Sclerosing peritonitis is a condition characterized by chronic fibrotic thickening of the peritoneum,
with a broad spectrum of gastrointestinal symptoms,
which in severe cases causes encapsulation of the small bowel loops,
known as sclerosing encapsulating peritonitis or abdominal cocoon.
It is a rare entity,
with a high morbidity and mortality.
It is important to consider this pathology in patients at risk,
to detect the earliest signs,
and to be able to carry out the appropriate treatment.
Of uncertain etiology,
it is believed that chronic irritation of the peritoneum is its cause.
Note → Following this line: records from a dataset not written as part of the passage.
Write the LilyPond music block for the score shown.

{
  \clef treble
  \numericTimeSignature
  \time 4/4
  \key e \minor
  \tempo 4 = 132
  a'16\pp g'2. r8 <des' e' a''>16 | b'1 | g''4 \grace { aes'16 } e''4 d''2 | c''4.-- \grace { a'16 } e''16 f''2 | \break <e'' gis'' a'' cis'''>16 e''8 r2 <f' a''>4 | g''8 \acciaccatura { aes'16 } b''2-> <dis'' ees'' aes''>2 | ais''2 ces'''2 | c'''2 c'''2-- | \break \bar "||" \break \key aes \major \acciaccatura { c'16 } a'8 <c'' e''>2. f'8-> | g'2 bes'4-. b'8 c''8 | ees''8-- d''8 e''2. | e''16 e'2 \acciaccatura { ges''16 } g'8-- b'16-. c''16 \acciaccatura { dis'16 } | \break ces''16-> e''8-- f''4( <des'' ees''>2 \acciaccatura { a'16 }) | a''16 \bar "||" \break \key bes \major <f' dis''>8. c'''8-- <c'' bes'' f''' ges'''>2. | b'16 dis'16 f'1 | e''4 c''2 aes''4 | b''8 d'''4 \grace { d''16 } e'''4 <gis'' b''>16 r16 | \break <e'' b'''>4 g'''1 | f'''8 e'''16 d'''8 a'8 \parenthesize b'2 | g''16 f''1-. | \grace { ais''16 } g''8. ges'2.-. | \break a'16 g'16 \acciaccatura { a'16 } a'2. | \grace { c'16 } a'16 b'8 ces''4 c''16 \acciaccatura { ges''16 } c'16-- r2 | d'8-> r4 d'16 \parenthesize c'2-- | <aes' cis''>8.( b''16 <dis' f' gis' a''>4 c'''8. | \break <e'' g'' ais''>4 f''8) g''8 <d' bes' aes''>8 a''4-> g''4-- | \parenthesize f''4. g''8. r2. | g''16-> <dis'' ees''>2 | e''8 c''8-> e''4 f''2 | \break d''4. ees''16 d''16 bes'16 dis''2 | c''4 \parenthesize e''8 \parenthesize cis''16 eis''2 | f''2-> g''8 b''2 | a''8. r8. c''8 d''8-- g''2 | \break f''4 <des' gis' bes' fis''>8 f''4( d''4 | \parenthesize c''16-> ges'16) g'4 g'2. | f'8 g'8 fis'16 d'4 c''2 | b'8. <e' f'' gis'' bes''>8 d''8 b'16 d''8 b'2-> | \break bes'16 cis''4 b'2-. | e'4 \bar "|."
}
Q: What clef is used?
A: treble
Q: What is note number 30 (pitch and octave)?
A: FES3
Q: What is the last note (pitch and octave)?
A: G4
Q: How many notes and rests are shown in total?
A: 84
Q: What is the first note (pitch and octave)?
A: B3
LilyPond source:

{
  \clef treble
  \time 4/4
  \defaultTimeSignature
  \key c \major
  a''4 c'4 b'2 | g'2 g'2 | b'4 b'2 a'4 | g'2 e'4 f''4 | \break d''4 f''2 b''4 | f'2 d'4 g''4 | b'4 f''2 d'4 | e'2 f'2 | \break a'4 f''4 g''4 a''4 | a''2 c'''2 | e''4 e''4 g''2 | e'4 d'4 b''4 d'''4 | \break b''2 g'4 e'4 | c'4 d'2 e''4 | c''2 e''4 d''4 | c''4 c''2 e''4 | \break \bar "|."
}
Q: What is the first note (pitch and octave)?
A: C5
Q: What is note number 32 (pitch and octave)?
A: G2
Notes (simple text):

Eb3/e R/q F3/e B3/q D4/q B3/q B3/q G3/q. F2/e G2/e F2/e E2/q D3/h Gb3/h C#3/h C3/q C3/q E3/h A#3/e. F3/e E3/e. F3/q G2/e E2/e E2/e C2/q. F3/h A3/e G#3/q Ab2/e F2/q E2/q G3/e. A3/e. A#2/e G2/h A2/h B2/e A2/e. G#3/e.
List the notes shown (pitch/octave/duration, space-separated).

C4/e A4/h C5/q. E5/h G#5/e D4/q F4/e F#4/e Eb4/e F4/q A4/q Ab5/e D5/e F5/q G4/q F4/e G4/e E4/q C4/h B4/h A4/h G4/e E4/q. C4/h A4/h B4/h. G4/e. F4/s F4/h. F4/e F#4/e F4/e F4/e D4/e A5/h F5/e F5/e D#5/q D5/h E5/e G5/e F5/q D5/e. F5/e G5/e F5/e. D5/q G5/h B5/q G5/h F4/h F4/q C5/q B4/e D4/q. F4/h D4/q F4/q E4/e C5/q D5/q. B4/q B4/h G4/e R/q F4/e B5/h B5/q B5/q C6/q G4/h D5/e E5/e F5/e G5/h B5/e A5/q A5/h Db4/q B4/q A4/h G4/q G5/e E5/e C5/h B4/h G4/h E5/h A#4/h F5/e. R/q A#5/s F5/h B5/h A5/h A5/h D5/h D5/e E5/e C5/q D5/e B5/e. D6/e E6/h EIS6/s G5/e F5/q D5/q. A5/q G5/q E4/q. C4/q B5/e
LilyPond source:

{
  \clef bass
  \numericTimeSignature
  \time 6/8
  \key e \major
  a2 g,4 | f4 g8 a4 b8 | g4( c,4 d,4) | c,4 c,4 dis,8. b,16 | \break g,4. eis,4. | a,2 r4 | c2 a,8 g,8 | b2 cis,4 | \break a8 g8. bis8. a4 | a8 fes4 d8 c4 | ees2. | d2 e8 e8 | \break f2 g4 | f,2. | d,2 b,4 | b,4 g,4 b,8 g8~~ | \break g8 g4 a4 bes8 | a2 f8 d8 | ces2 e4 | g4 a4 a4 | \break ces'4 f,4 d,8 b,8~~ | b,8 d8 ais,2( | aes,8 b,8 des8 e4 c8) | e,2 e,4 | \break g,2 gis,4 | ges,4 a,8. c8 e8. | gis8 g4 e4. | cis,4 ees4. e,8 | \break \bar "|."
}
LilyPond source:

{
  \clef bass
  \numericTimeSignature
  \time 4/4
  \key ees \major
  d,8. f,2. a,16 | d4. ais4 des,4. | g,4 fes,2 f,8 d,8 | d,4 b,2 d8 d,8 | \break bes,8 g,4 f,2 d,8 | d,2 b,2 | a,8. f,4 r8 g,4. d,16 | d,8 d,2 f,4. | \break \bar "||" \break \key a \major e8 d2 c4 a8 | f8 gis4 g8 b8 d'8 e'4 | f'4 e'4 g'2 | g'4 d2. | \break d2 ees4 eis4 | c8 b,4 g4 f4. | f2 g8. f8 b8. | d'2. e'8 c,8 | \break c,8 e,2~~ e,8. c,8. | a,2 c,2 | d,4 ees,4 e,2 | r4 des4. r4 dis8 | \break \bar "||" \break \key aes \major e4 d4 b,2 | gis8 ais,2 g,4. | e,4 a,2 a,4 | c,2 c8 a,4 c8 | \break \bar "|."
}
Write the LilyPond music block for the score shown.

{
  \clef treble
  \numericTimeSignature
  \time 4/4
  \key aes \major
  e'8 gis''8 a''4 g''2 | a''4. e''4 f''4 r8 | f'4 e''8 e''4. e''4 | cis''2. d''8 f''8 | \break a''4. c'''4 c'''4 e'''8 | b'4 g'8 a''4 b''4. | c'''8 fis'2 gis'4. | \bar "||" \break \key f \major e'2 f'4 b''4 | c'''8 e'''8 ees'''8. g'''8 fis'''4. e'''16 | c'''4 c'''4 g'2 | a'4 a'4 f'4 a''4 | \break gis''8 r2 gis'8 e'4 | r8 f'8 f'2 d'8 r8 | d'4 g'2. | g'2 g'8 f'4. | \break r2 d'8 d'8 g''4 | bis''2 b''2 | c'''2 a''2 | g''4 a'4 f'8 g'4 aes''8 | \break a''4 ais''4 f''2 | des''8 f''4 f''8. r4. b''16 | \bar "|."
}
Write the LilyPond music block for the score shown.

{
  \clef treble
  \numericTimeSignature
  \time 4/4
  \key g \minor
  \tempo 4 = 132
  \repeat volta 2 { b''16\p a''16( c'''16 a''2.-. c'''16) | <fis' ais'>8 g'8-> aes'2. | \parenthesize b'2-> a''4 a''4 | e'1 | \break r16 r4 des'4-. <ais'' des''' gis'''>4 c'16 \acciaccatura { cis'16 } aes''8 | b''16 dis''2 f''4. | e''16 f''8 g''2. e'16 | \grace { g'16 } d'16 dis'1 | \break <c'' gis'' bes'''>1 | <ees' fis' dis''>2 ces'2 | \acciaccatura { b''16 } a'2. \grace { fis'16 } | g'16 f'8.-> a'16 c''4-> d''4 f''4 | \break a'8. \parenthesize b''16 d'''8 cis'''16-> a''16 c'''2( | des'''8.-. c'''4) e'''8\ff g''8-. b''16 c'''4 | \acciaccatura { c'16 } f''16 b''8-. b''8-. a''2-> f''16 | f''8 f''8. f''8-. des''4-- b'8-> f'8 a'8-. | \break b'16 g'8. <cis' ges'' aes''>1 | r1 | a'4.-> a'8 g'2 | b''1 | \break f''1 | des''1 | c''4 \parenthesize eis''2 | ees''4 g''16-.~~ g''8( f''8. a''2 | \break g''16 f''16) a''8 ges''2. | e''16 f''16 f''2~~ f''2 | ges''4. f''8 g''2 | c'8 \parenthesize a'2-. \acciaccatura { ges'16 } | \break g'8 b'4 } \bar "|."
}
It can be classified idiopathically or secondarily.
Within the first,
it may be found in young women from tropical or subtropical countries [1].
The reason for this prevalence remains unknown.
Among secondary causes,
it can be related to continuous ambulatory peritoneal dialysis (CAPD),
fungal infections,
tuberculosis,
prolonged use of beta-blocker practolol,
ventriculoperitoneal and peritoneovenous shunts,
orthotopic liver transplant,
abdominal surgery,
sarcoidosis,
systemic lupus erythematosus,
familial Mediterranean fever,
deficiency of the S protein and luteinized-ovarian tecoma [2-3].
CAPD is one of the most frequent causes,
with prevalence between 0.4% and 8.9%,
and the risk of development after 5 years of peritoneal dialysis varies between 0.6% and 6.6% [4].
It can also show up many years after cessation,
so it is of the utmost importance to be clinically aware.
In the histology of the membranes,
we find fibrocollagenous tissue with nonspecific inflammatory component.
These changes that are characteristic of sclerosing peritonitis,
are not specific and overlap with membrane changes that occur with ultrafiltration failure and infectious peritonitis in long-term peritoneal dialysis [4].
Clinically,
its presentation can be asymptomatic,
or with nonspecific symptoms such as abdominal pain and distension,
nausea,
vomiting,
palpable mass,
anorexia,
weight loss and recurrent episodes of small-bowel obstruction.
These can lead to malnutrition,
sepsis and death.
Loss of ultrafiltration and bloody dialysis effluent is seen in dialyzed patients [4].
Elevated C-reactive protein,
anemia and hypoalbuminemia may be found [1],
but there are neither specific blood markers nor reliable screening methods.
Diagnosis is based on clinical suspicion and confirmed by imaging methods or surgically.
The differential diagnosis related to peritoneal calcifications includes tuberculosis,
amyloidosis,
hyperparathyroidism,
pseudomyxoma peritonei and peritoneal carcinomatosis.
Among small bowel obstruction,
the internal hernia must be considered as it can also produce abnormal clustering of small bowel loops [3].
The treatment is related to its cause,
including adhesiolysis surgery or immunosuppression with corticosteroids,
tamoxifen or sirolimus,
and an adequate nutrition.
No surgical treatment is required if it is asymptomatic [5].
If it is associated with CAPD,
it must be suspended and the patient must be transferred to hemodialysis [4].